As of January 1st 2005 French Corporations have the right to grant free shares (Restricted stock) to employees and directors as long the beneficiary holds less than 10% of the share capital after acquisition of the restricted stocks. The total number of restricted stock issued cannot exceed 10% of the share capital.
The extraordinary shareholder meeting of the company must decide the grant, the length of the acquisition period and the length of the holding period.
The acquisition period starts when the restricted stocks are granted and ends when the ownership of the shares is transferred to the beneficiary. The law provides that the acquisition period lasts 2 years minimum.
The holding period starts the day the ownership of the shares is transferred to the beneficiary and ends the day the beneficiary sell the shares. The beneficiary is the legal owner of the shares during the holding period and is entitled to the dividends. The law provides that the holding period lasts at least 2 years.

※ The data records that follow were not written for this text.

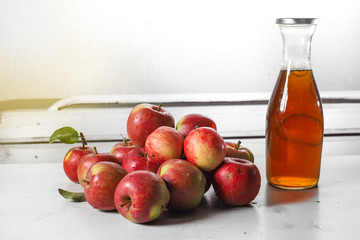 apple juice in glass bottle  and apples on Woden Provence table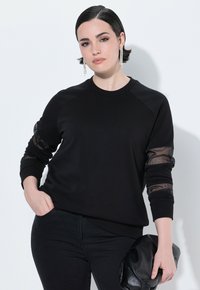 Felpa nera con maniche lunghe che presenta dettagli in mesh trasparente e scollatura a girocollo. Indossata con pantaloni neri e in mano tiene una pochette nera.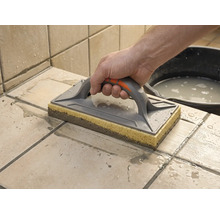 En svampbräda används för att rengöra nyligen fogat kakel. En hand för brädan över de blöta plattorna.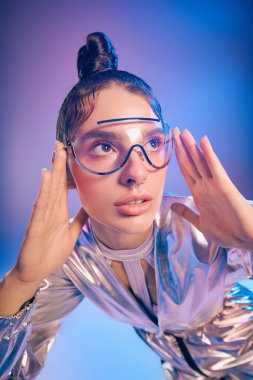 Canlı holografik kıyafetli genç bir kadın renkli ve modern bir ortamda poz veriyor..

As a consequence of the acquisition period and the holding period, the restricted stocks are unavailable during 4 years.
According to French tax law, the capital gain tax related to the acquisition of the restricted stock at the end of the acquisition period (Fair market value of the shares the day of the acquisition) is deferred until the beneficiary will sell the restricted stock (At least 4 years after the grant). The beneficiary may elect to tax the gain as a salary (Highest marginal rate of 49,69% = marginal rate of 48,09% + CSG partially tax deductible + CRDS ) or as capital gain (Flat 41% = Flat rate of 30% + 11% CSG + CRDS + Social contribution).
As provided by the French tax rules, the capital gain on the sale of the shares (Selling price – Value of the shares the day of the acquisition) is taxable when the beneficiary sells the restricted shares. The gain is taxed at a rate of 26% (16% + 11% CSG+CRDS+ social contribution).
When a restricted stock plan complies with the rules above, the related income is exempt from social taxes.